__YOUR TASK__:
Give the lines again exactly as they appear below, from the line with "Canada Goose Freestyle Crew Down Vest - Camo" to the line with "Снятие,установка насоса гура", both included, and only those lines. Leave every picture out.

[RECORDS FOR THE TASK Boundary: Start]

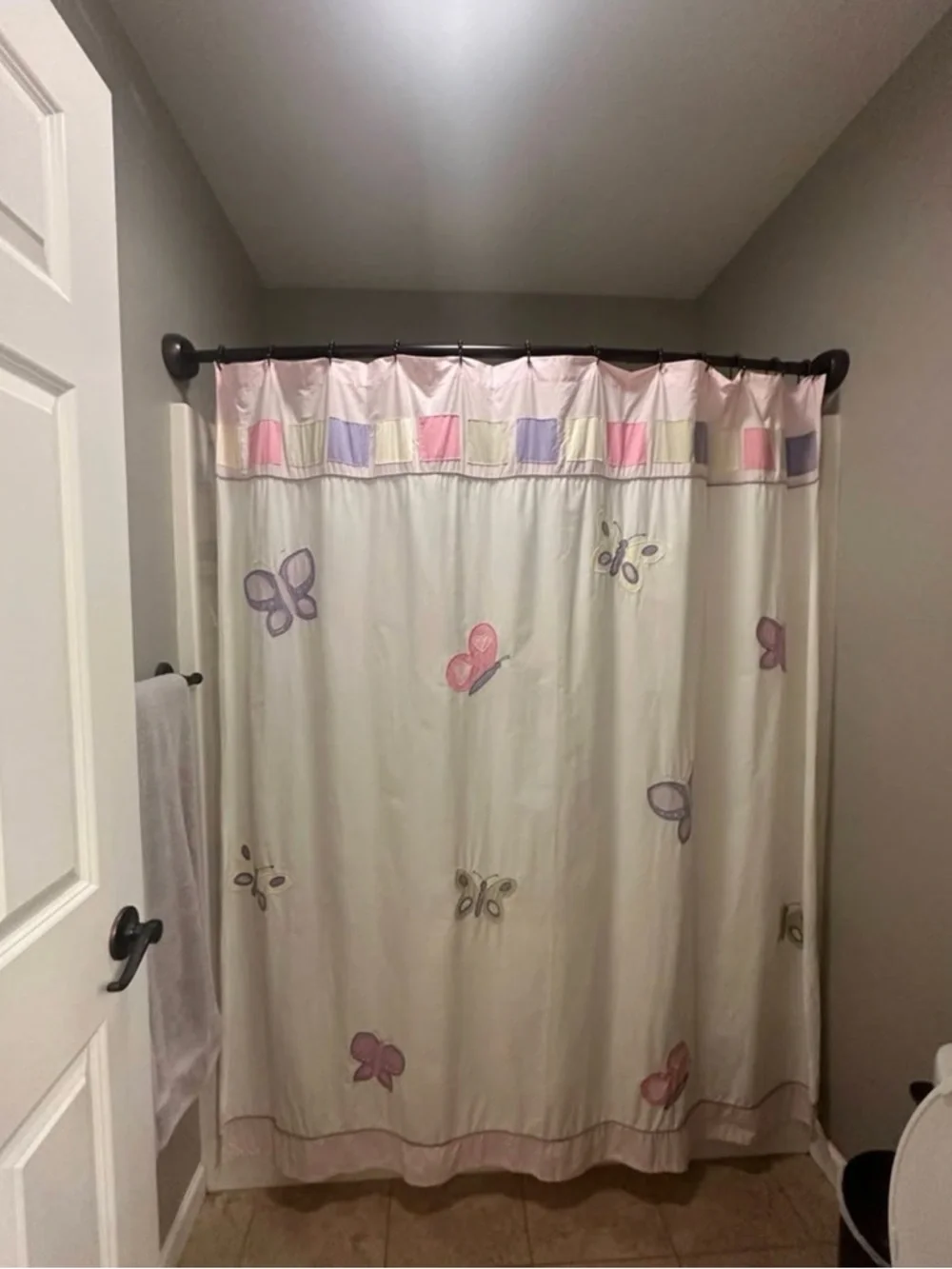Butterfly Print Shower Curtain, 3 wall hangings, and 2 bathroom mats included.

[RECORDS FOR THE TASK Boundary: End]
[RECORDS FOR THE TASK Boundary: Start]

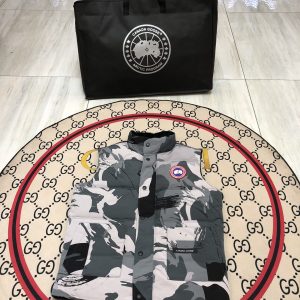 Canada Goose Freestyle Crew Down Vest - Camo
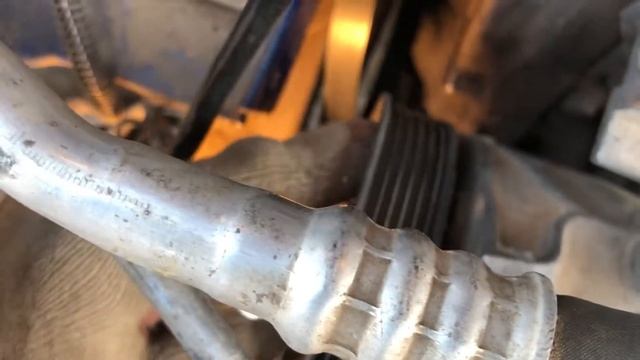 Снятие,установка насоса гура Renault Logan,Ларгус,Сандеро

[RECORDS FOR THE TASK Boundary: End]
[RECORDS FOR THE TASK Boundary: Start]

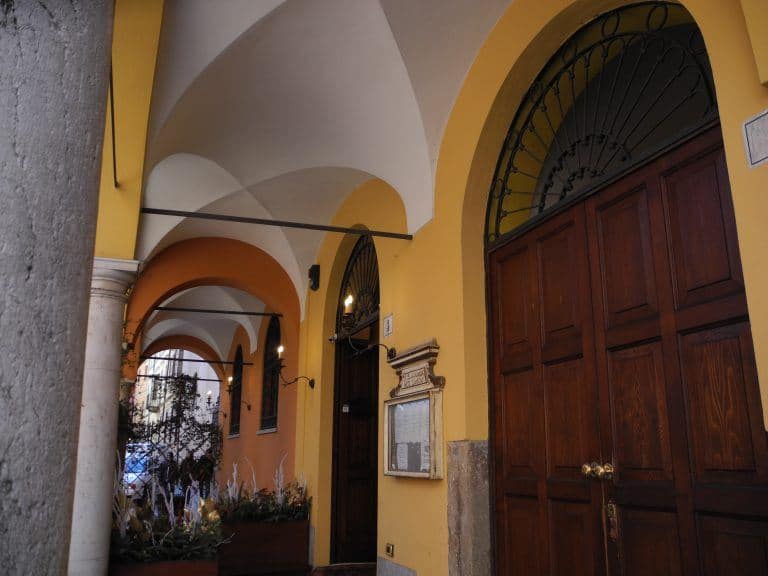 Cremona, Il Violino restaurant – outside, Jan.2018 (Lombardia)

[RECORDS FOR THE TASK Boundary: End]

__EXERCISE ANSWER__:
 Canada Goose Freestyle Crew Down Vest - Camo
 Снятие,установка насоса гура Renault Logan,Ларгус,Сандеро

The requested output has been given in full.